= Beginning of Section =

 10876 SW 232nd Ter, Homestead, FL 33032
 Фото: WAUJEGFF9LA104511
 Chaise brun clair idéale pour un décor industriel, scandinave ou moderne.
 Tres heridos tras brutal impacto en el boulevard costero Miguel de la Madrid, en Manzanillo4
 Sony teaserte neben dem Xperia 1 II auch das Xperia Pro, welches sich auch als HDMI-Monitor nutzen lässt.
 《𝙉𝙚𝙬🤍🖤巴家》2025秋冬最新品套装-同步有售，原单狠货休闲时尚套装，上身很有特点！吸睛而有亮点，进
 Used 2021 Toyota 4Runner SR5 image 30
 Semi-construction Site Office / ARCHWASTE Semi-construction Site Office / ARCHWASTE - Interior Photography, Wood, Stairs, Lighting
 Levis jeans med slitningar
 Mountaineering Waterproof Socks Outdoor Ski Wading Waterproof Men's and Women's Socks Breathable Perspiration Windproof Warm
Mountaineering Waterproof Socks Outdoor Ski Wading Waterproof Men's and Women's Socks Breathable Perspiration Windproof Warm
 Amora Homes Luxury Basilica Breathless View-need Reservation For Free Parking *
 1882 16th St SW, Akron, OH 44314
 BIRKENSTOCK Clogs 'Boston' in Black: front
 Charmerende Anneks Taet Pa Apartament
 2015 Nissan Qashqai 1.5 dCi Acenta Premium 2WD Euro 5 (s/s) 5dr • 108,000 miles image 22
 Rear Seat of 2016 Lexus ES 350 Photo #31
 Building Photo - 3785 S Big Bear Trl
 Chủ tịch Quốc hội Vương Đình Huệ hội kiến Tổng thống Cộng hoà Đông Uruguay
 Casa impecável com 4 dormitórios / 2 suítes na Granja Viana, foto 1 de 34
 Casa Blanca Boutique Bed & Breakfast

= End of Section =

Work instructions: Counting every line of the entries that holds the word "Wading", report the total and no other text.

Response: 2